If I had the where with all, if only my body would have acted when my mind told it back then (damn paralysis), you would have a picture of my next stage assimilation into the Borg! I am not really a Star Trek fan, but it’s the analogy of a lifetime.
The port is always in my chest, but it is rarely “accessed”. Accessed means that there is a plug in the plug in. A small tube is there, and blood can be drawn, or IV fluids linked to the line. Before the surgery, the port was accessed, tube one.
I had IV’s, yep, not one, two. Why? Someone knows, but it is not me. The port really should have done the full trick. But I had an IV on my right arm in the bend. They are always in the worst place. Why the bend, where you can feel the needle with every motion? I had an IV once that was mid arm, no pinching, no long term resentment from my hand. Why not there?
Left hand, another IV. Hand. Oh dear. The hole is a scab about 3/16 of an inch in size. My hand is not going to forget that one soon.
Oxygen happened. The tubes aren’t invasive, but they do come up to the nostrils and deliver that “wired in look”.
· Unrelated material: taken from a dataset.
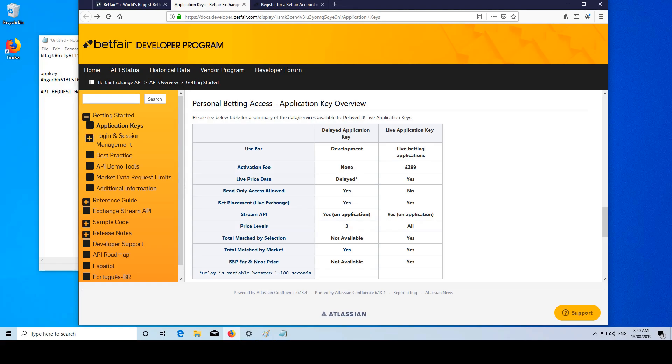So guys, that's how you get started getting your application key for the Betfair API. I'm going to make some more videos going into depth on the different requests we can make to the API and how to tie them all together. And then possibly I'll be going through some of my own applications I've created. Please follow, like, and subscribe. Thank you very much.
Then going lower, the first couple of days I didn’t need to get out of bed to use the toilet. That is an incredible blessing. Another tube, from my urethra to the box.
And a drain. The main wound had a drain. The body sends out a liquid response to healing, and at first, it is a large quantity, and so it is helped to the outside by a long flexible straw that goes into a four inch collection bubble pinned to the gown. What a fashion statement! When that came out, the nurse asked if I wanted to see. There was at least a foot of tube that had been working inside. Incredible. And once out, the skin closed, and the reality of the work of the body went back into hiding. That is as much Borg as I ever want to be. Assimilated. Done.